Remova o supernatante, que contém os microssósmos, e mantenha a pelota. Em seguida, adicione 2 mililitros de tampão de isolamento mitocondrial e suspenda completamente a pelota por tubulação leve. Centrifugar esta suspensão de pelotas a 7.000 xg e a quatro graus Celsius por 10 minutos.

Descarte o supernatante e mantenha a pelota que contém as mitocôndrias brutas. Adicione 12 mililitros de 25% de gradiente de densidade para suspender re-suspender as mitocôndrias brutas extraídas. Faça um gradiente de densidade descontínua contendo as mitocôndrias brutas como descrito no protocolo de texto, e centrifuá-lo a 52.000 xg e a quatro graus Celsius por 90 minutos.

Use uma seringa longa e contundente para coletar as mitocôndrias purificadas na faixa da interface entre os meios de 25 e 30% gradientes até a interface entre os meios de 34 e 38%. Transfira as mitocôndrias purificadas para um tubo limpo.
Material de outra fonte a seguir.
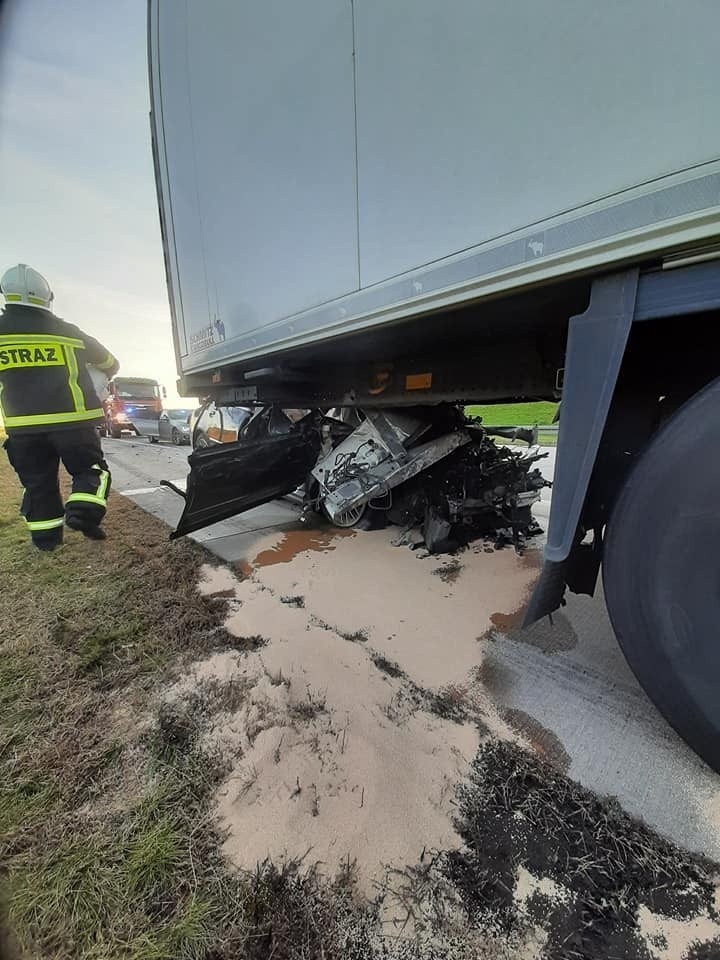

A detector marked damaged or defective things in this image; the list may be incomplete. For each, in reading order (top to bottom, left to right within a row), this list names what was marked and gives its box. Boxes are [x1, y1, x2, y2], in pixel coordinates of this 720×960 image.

crushed car [166, 404, 548, 556]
Adicione o tampão de isolamento mitocondrial às mitocôndrias coletadas para diluí-lo a um volume de três vezes.

Centrifugar a 15.000 xg e a quatro graus Celsius por 20 minutos, e descartar o supernaspe. Adicione 2 mililitros de tampão de isolamento mitocondrial para suspender novamente a pelota e a centrífuga a 15.000 xg e a quatro graus Celsius por 20 minutos. Descarte o supernatante e mantenha a pelota.
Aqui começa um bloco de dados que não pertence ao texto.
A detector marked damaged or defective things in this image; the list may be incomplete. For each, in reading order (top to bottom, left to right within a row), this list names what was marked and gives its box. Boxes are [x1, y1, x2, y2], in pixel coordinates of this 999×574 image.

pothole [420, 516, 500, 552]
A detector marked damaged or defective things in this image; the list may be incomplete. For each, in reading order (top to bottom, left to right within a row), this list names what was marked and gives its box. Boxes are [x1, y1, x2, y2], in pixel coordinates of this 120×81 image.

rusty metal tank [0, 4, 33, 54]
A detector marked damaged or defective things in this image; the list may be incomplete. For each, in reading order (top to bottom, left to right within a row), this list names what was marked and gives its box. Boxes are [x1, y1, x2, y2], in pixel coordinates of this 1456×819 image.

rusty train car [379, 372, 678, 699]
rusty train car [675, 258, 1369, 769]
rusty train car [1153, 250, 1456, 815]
Pegue a última pelota e guarde-a a 20 graus Celsius. Neste estudo, amostras mitocondriais de alta qualidade são preparadas a partir do câncer de ovário humano e tecidos de controle para proteômica quantitativa em larga escala. Existem algumas diferenças na preparação das mitocôndrias a partir de tecidos de câncer de ovário e controlar tecidos ovarianos, incluindo o uso de um gradiente de densidade descontínua diferente.

Após a centrifugação, as mitocôndrias purificadas de tecidos de câncer de ovário são encontradas na interface entre 25% e 30%, enquanto as de tecidos ovarianos de controle são encontradas na faixa da interface entre 25% e 30% até a interface entre 34% e 38% A qualidade das mitocôndrias preparadas é então avaliada com centrifugação de velocidade diferencial e centrífuga de densidade através de microcóspia eletrônica. As imagens do microscópio eletrônico demonstram que, tanto no câncer de ovário quanto no controle dos tecidos ovarianos, as principais organelas isoladas são mitocôndrias, exceto por uma pequena quantidade de peroxisomes. No entanto, a morfologia das mitocôndrias é vista como uma mudança mais em cânceres de ovário do que controlar o tecido ovariano.
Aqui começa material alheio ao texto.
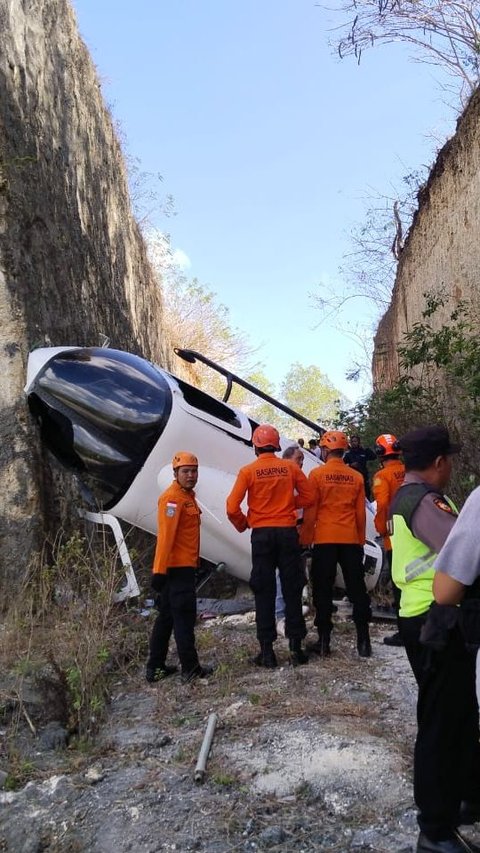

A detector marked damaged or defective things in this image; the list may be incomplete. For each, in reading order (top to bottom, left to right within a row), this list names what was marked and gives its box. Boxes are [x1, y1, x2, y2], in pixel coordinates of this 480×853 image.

crashed white helicopter [24, 346, 382, 600]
A qualidade das mitocôndrias preparadas também é avaliada via mancha ocidental. As imagens de manchas ocidentais também demonstram que o principal componente em amostras mitocondriais preparadas de cânceres de ovário e ovários de controle são mitocôndrias, exceto por uma pequena quantidade de peroxisomes, o que é consistente com a análise da microscopia eletrônica. É razoável que os peroxisomes sejam contidos nas mitocôndrias preparadas, pois as mitocôndrias interagem extensivamente com os peroxisomes, o que por sua vez reflete a completude funcional das mitocôndrias.

Esses resultados demonstram a alta qualidade das amostras mitocondriais preparadas. Quando estou realizando este procedimento, é muito importante que você pica totalmente tecidos antes da homogeneização, e adicione a trippsina aos tecidos de controle picados. Também é importante que você faça e ou prepare gradiente de densidade descontínua para as amostras de câncer e os controles.

Após este procedimento, a proteômica quantitativa iTRAQ ou TMT ou fosfoproteômica pode ser realizada para esclarecer o perfil mitocôndrias proteome do câncer de ovário, e o perfil fosfoproteome pode ser estabelecido para esclarecer os papéis das mitocôndrias no câncer de ovário em grandes profundidades. Essa técnica abre caminho para os pesquisadores estudarem sistematicamente mitocôndrias proteome e o fosfoproteome no câncer de ovário, construir o sistema de rede de caminhos de sinalização e descobrir os biomarcadores confiáveis e os alvos terapêuticos.